* [DATA SHOWN]
Content starts

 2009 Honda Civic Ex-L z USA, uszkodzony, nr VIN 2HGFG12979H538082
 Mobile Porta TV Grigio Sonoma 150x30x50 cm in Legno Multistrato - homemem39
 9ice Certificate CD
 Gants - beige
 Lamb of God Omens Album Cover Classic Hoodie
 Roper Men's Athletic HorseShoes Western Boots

Content ends
Content starts

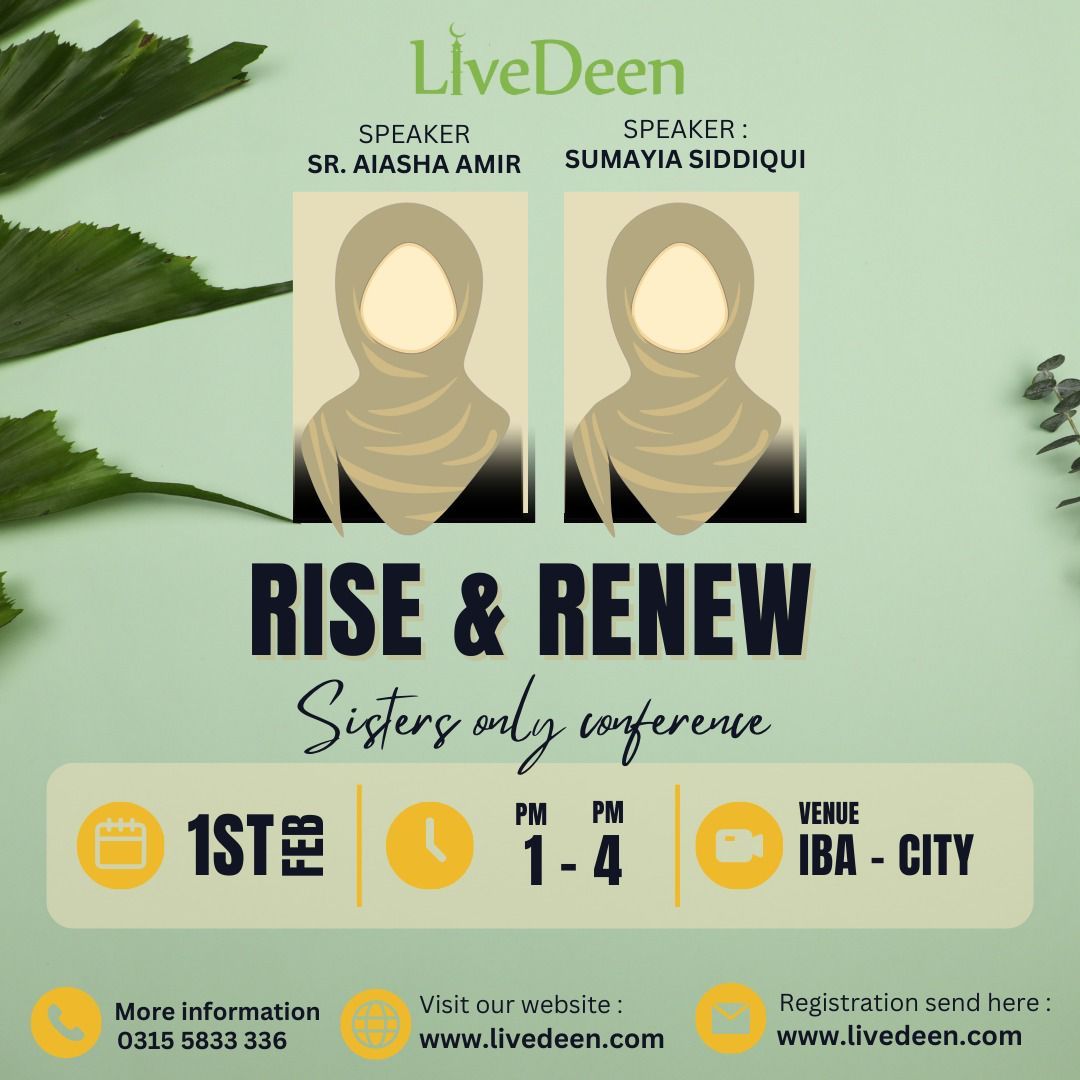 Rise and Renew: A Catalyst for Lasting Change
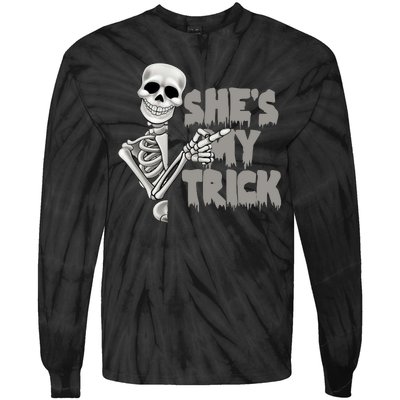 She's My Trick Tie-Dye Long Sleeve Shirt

Content ends

* [TRY IT]
The required answer is the exact run of lines above starting at the line with "2009 Honda Civic" and ending at the line with "Roper Men's Athletic", with both ends present.

* [EXERCISE RESPONSE]
 2009 Honda Civic Ex-L z USA, uszkodzony, nr VIN 2HGFG12979H538082
 Mobile Porta TV Grigio Sonoma 150x30x50 cm in Legno Multistrato - homemem39
 9ice Certificate CD
 Gants - beige
 Lamb of God Omens Album Cover Classic Hoodie
 Roper Men's Athletic HorseShoes Western Boots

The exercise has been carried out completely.